Review: 2020 Toyota Prius AWD-e isn’t what you think
Last year, Toyota debuted a new all-wheel drive variant for the most-recognized name in hybrid cars, the Prius. The announcement made headlines, and the car was shown throwing snow and getting slushy with its new-found all-wheels-turning capability. That’s not what happens in the real world.
Long synonymous with “efficiency,” the Prius has been steadily losing sales over the past several years as consumer interest in the quirky hatchback has dwindled. Even the allure of over 50 mpg (4.7 l/100km) on the daily drive hasn’t been enough to keep the Prius on top. The current-generation Prius underwent a facelift that helped make it more mainstream in appearance, but to no avail. Toyota is hoping that adding more all-weather stability to the car synonymous with “hybrid efficiency” will help. And it might.
After a week with the car, though, it’s clear that buyers need to understand what it is, and isn’t, capable of doing. The Prius’ AWD system has both limits and useful high points, and it’s far different from the AWD you might find in your crossover or sports car. The AWD in the Prius is not going to make the car corner better or accelerate faster. Neither will it allow you to turn donuts in a snowy parking lot with any kind of thrilling speed. It won’t make you more stable on wet roads at higher speeds, either. What it will do is help you not get as stuck, and it might help minimize the slip and slide from a stop sign in snowy weather.
The new Prius uses an intelligent all-wheel drive system that Toyota calls “AWD-e.” Similar to the AWD found in the RAV4 Hybrid model, the Prius’ system has no mechanical linkage from the engine/motor/transmission to the rear wheels. Instead, it’s all electrical with an added motor on the rear axle to provide propulsion there. Thus the system adds only about 120 lb (54 kg) to the car’s weight.
The little 5.2 kW (7 hp) motor on the rear axle adds to the 121-horsepower (90 kW) engine/motor combination under the hood. Fuel economy drops from 52 mpg (4.5 l/100km) combined to 50 mpg (4.7 l/100km) combined. In the real world, we saw a 45 mpg (5.2 l/100km) average during a week of mixed driving in mostly inclement weather while at high altitude.
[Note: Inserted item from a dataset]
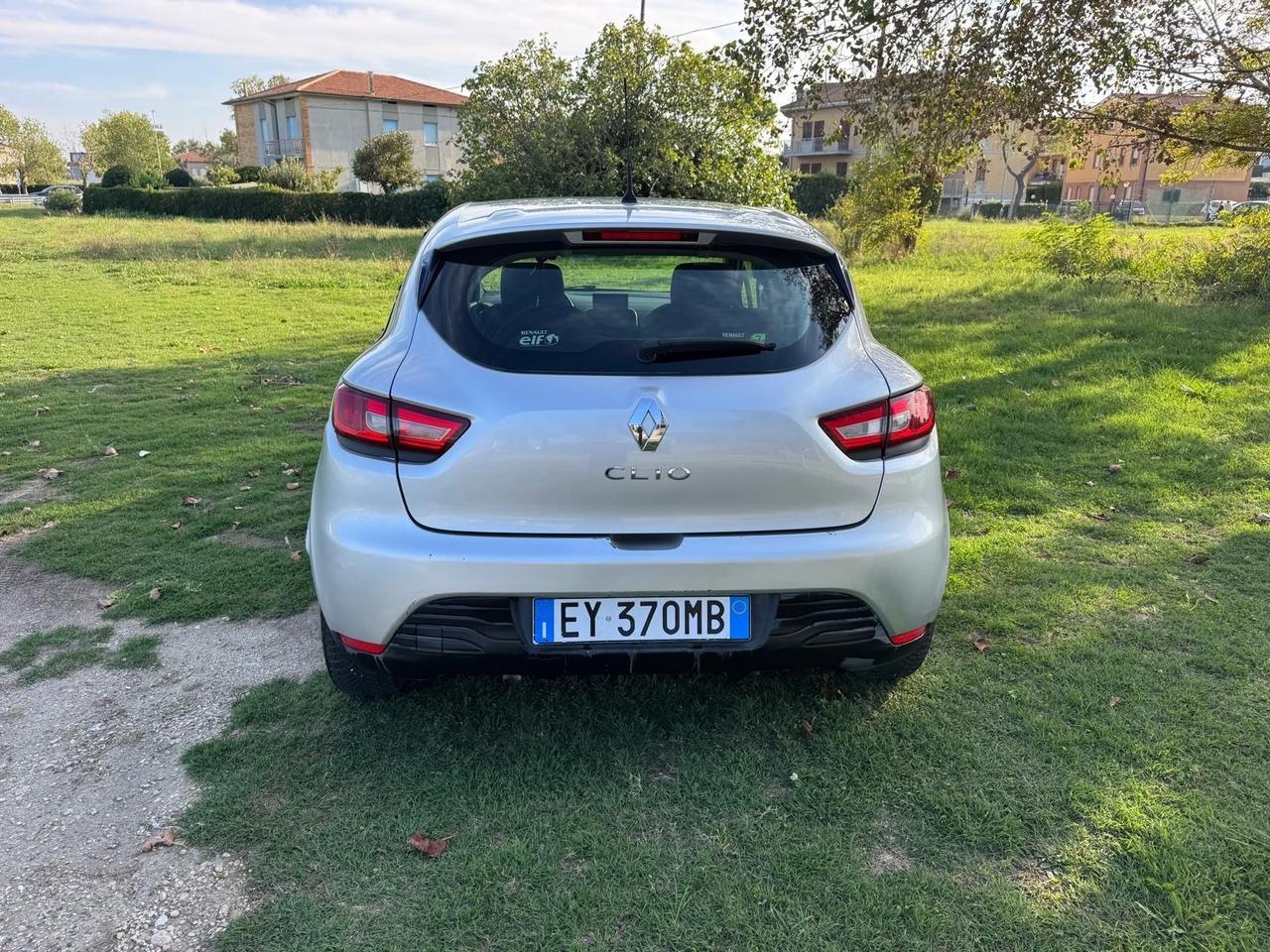 Renault Clio 1.5 dCi 8V 75CV 5 porte Costume National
The system layout is a good one for the little car, but it has some limits – mostly in when and how that rear motor engages. The Prius AWD-e rarely engages the rear axle for "performance" reasons (i.e: mashing the throttle to get a quick takeoff or in hard cornering). The Prius isn’t a sports car, so that makes sense. It seems a lost opportunity, but perhaps Toyota doesn’t want to associate the little hybrid with any kind of fun factor for fear of breaking its identity. Additionally, the system is limited as to the speeds at which the AWD can be used.
The AWD-e works at speeds under 43 mph (69 km/h) and, in our experience, works best at speeds under 10 mph (16 km/h). Where the system is most useful is in getting going from a stop when the roads are slick. That means getting through the stoplight, making that turn after a stop sign, or getting out of the cold parking lot in order to drive home.
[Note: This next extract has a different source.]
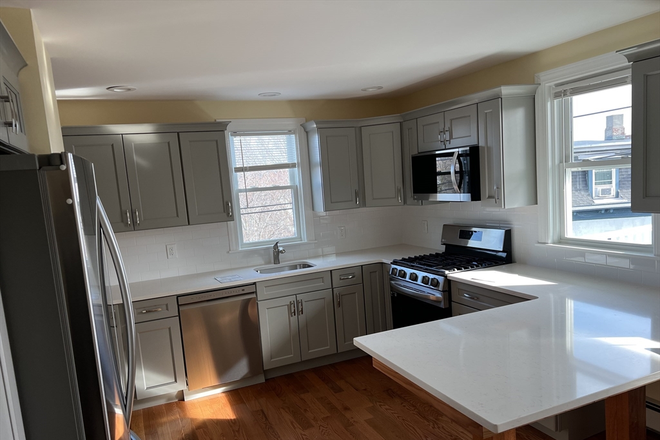 . - Newly renovated 3 Bed/1 Bath - Avail NOW!!!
What it doesn’t mean is added stability on the highway, better stopping power, or even a noticeable improvement in stability during the drive itself. Toyota designed this on purpose, having the AWD system engage full-time at speeds under 6 mph (9.6 km/h) and then disengage and become only occasional at speeds up to 43 mph.
Several things work against the added AWD system, which should have been thought of during implementation. The Prius, for starters, comes standard with low-rolling-resistance tires. These are notoriously terrible on slick roadways. The Prius AWD-e model adds less than a quarter of an inch of ground clearance, increasing it by 0.2 inches (0.5 cm) to 5.3 inches (13.5 cm). This means slushy roadways are still going to be dicey. There is also no way for the driver to control when or even if the AWD engages. And the system trends towards efficiency at all times, meaning the AWD may not be there when it’s needed.
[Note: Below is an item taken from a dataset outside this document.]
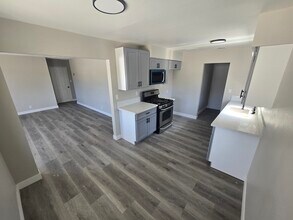 44414 Andale Ave in Lancaster, CA - Building Photo - Building Photo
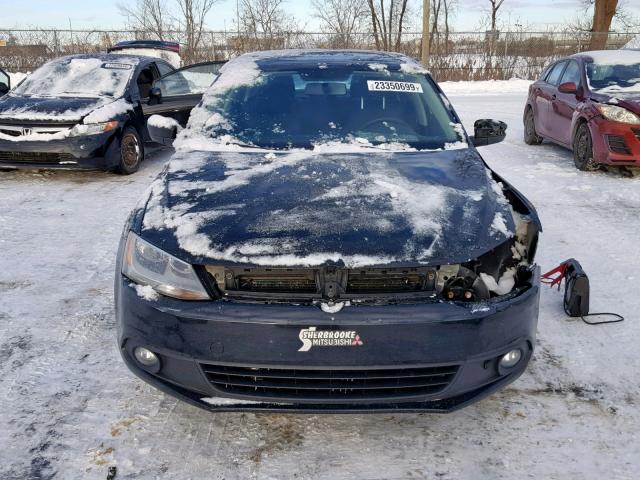 3VW1K7AJ8CM356600 - 2012 VOLKSWAGEN JETTA BASE BLACK photo 9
During our week with the Prius AWD-e, it snowed almost continually. The Prius, despite the addition of AWD, was only sometimes confident about going out and about. While a 2WD minivan and small crossovers braved the weather without problems, the Prius struggled to stay in a straight line and was tough to maneuver around corners with hard-packed snow on the road. Stopping distances were much-lengthened in the weather as well, especially for the Prius thanks to those no-grip tires. It did get started from a stop on said roads without many problems, though, showing that the limited-use AWD is doing the job it’s meant to do.
The added US$1,400 to the price and loss of 2 or more MPG might be difficult to justify to buyers, given the limited use scenarios for the Prius AWD-e models. The Prius AWD-e starts at US$26,935 (before delivery) and our test model was priced at $33,021 after delivery.